11 December 2022

Gender sensibility, in the USA


A US federal appeals court blocked the Biden administration’s mandate on doctors and hospitals which would have forced them to perform gender-transition procedures against their conscience.

The Eighth Circuit appeals court is the second circuit to block the mandate after the Fifth Circuit ruled similarly earlier this year in Franciscan Alliance v. Becerra. The plaintiffs, a coalition of Catholic hospitals, a Catholic university, and Catholic nuns who run healthcare clinics for the poor, were represented by the Becket Fund for Religious Liberty.

“The federal government has no business forcing doctors to violate their consciences or perform controversial procedures that could permanently harm their patients,” Becket vice president and senior counsel Luke Goodrich said in a press release. “This is a common-sense ruling that protects patients, aligns with best medical practice, and ensures doctors can follow their Hippocratic Oath to ‘do no harm.’”

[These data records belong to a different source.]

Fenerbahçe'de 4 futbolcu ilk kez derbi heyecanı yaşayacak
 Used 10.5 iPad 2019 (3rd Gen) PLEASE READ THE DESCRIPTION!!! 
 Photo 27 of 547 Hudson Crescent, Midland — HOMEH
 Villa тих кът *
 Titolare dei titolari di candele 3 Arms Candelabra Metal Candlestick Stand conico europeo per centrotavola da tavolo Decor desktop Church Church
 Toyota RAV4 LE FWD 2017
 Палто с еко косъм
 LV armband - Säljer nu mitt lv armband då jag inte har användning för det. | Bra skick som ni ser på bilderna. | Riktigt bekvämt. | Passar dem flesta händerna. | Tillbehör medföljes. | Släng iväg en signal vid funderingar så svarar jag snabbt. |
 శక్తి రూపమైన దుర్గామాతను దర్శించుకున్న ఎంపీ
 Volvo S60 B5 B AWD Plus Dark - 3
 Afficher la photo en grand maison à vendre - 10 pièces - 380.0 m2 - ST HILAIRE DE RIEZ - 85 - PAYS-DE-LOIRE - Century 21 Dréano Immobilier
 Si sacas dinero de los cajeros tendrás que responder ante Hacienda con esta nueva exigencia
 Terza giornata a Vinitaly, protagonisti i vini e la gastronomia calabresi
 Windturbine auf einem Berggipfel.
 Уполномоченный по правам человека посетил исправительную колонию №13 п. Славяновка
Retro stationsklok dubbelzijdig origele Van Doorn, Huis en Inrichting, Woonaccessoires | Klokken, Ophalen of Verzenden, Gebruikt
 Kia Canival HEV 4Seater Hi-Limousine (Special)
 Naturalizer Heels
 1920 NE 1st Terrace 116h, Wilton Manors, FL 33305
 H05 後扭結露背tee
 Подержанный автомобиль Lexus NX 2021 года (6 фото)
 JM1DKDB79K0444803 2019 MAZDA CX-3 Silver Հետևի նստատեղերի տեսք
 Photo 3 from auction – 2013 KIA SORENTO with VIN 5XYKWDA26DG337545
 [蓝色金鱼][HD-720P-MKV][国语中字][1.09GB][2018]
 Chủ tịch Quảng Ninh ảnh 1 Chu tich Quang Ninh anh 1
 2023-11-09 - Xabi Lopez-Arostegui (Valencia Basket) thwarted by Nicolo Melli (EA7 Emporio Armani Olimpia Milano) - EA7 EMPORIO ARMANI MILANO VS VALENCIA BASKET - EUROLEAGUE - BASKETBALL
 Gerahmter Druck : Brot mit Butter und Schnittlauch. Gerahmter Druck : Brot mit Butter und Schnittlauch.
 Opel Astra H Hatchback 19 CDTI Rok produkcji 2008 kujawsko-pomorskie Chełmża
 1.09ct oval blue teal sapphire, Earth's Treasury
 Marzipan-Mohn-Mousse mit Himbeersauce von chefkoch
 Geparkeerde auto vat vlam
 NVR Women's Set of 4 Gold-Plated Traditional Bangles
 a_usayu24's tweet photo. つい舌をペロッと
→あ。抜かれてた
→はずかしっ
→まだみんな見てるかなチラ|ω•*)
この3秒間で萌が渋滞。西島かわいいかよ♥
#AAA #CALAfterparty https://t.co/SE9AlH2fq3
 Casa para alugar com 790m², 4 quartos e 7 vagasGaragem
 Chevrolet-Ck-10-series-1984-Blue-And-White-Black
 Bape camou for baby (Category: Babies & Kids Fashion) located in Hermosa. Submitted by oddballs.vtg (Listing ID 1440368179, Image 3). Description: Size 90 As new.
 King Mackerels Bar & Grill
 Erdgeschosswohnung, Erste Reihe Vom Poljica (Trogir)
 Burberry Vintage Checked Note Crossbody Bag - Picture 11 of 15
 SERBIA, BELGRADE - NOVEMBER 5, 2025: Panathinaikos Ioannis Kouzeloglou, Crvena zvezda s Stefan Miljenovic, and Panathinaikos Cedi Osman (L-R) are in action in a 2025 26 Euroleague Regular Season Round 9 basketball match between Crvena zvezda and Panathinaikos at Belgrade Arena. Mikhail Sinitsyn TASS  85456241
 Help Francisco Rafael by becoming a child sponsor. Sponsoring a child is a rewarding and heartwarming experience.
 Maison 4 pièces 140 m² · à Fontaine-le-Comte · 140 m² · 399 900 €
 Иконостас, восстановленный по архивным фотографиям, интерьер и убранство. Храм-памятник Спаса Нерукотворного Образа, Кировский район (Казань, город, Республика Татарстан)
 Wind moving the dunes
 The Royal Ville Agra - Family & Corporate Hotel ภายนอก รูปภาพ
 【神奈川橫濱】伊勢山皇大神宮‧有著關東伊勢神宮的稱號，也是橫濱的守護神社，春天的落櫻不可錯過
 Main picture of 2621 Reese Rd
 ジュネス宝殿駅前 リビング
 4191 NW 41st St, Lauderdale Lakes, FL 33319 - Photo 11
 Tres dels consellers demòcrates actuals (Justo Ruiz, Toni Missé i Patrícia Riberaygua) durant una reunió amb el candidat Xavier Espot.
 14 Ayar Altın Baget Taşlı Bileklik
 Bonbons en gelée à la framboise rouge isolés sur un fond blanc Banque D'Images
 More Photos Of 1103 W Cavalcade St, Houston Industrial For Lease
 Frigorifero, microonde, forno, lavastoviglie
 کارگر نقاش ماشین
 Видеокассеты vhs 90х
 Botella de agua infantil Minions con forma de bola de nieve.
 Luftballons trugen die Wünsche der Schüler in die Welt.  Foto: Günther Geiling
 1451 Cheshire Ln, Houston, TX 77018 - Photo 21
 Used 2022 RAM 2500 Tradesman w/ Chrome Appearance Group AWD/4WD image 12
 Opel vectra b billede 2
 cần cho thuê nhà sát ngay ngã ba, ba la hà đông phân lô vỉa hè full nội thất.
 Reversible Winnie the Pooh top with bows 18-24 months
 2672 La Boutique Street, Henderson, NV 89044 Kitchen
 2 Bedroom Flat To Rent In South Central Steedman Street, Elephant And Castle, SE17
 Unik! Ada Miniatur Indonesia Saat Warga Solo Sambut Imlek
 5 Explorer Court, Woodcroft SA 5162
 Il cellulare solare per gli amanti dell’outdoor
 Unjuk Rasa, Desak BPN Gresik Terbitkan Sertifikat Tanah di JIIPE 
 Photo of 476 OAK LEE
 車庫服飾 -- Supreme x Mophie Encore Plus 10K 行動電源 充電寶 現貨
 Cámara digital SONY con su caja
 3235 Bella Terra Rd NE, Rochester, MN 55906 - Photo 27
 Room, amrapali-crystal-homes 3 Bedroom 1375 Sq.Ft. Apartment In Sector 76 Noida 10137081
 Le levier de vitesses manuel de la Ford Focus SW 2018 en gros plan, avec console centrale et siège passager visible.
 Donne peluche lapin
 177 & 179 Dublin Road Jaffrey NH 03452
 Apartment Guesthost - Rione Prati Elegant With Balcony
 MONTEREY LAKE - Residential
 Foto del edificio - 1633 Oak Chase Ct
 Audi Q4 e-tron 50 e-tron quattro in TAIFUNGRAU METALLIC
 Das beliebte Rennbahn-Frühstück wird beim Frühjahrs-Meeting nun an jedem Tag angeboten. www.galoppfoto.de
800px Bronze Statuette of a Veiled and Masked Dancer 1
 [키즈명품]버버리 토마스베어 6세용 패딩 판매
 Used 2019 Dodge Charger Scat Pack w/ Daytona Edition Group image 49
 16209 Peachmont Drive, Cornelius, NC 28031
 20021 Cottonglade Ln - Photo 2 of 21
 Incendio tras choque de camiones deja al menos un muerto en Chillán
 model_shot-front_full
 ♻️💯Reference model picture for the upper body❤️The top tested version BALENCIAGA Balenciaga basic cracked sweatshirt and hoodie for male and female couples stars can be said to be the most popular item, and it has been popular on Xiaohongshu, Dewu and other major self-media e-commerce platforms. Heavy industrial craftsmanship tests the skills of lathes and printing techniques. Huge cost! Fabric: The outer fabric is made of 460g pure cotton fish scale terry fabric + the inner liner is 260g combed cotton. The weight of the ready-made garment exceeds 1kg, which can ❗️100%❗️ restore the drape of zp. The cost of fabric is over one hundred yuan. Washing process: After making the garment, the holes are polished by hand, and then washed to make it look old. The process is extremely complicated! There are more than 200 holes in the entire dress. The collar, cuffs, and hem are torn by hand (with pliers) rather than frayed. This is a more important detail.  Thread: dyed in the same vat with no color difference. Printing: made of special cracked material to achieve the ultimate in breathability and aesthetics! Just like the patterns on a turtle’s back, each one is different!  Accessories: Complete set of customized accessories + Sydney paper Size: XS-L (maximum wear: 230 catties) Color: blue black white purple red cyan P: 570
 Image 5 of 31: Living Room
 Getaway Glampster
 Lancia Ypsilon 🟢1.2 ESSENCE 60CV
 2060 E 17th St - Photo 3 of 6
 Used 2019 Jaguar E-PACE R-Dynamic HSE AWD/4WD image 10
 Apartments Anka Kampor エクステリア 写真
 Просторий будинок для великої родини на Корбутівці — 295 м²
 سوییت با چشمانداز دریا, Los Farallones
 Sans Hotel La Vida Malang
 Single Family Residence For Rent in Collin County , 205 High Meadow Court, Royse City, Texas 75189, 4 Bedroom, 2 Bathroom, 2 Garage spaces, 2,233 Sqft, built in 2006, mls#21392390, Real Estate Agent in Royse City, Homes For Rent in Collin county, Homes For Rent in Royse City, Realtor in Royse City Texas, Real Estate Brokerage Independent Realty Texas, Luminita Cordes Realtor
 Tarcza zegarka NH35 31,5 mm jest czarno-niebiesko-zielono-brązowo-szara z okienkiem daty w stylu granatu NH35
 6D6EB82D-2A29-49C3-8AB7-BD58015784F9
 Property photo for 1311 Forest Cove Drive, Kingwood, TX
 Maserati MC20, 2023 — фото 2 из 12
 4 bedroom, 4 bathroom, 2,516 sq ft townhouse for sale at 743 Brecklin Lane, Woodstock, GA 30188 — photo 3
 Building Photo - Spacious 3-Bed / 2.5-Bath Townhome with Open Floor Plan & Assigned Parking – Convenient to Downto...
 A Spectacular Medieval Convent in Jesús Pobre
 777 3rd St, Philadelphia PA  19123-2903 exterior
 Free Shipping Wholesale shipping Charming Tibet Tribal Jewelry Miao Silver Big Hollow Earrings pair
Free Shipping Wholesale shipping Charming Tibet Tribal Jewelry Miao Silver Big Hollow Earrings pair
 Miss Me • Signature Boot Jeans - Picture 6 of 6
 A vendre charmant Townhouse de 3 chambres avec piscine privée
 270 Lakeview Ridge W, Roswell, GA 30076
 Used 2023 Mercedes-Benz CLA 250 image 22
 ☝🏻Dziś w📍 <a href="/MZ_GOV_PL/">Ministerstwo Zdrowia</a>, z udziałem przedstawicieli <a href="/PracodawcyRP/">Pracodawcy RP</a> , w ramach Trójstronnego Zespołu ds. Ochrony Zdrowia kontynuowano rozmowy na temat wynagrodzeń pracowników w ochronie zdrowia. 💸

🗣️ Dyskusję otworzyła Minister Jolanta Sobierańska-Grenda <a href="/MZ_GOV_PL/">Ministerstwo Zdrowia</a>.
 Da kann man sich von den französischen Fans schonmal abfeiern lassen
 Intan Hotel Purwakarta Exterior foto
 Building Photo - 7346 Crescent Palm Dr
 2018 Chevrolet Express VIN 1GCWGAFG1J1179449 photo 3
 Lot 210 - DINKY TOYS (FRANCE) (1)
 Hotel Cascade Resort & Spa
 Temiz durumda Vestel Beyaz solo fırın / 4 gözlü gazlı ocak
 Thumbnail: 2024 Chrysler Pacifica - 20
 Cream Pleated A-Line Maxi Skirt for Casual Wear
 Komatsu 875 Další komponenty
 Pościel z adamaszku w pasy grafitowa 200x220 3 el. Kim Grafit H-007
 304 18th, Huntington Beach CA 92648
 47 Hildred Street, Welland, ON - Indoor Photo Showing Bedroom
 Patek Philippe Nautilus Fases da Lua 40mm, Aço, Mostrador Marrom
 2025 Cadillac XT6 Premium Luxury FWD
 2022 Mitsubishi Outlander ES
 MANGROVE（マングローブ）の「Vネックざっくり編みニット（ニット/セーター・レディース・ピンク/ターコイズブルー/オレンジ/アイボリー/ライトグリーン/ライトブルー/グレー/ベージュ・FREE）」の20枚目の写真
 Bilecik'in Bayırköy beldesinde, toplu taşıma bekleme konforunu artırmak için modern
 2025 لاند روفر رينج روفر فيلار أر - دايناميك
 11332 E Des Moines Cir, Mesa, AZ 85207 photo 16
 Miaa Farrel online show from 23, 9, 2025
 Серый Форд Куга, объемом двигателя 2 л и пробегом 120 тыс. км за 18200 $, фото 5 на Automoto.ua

After inheriting the mandate from the Obama administration, the Biden administration sought to force doctors to perform “gender transition” surgeries — mutilation — and prescribe puberty blockers, cross-sex hormone drugs, and other procedures.

Invoking the Affordable Care Act (ACA), the Biden administration threatened noncompliant hospitals and doctors with millions of dollars in financial penalties, as it attempted to enforce its redefinition of discrimination on the basis of sex to include gender identity.

The Eighth Circuit affirmed the original district court opinion, ruling, “district court correctly held that ‘intrusion upon the Catholic Plaintiffs’ exercise of religion.'”

On a media call Friday afternoon, Goodrich said “today’s decision is a huge win for religious freedom, but not only for religious freedom, but for common sense, and sound medical judgment.”

The ruling is somewhat narrow, in that only the parties in the cases are protected by the permanent injunction. Despite that, the rulings do set a strong precedent for other doctors to obtain similar protections in the future.

“Today’s victory sets an important precedent that religious healthcare professionals are free to practice medicine in accordance with their consciences and experienced professional judgment,” Goodrich said. “The government’s attempt to force doctors to go against their consciences was bad for patients, bad for doctors, and bad for religious liberty.”

The case is Sisters of Mercy v. Becerra, No. 21-1890, in the U.S. Court of Appeals for the Eighth Circuit.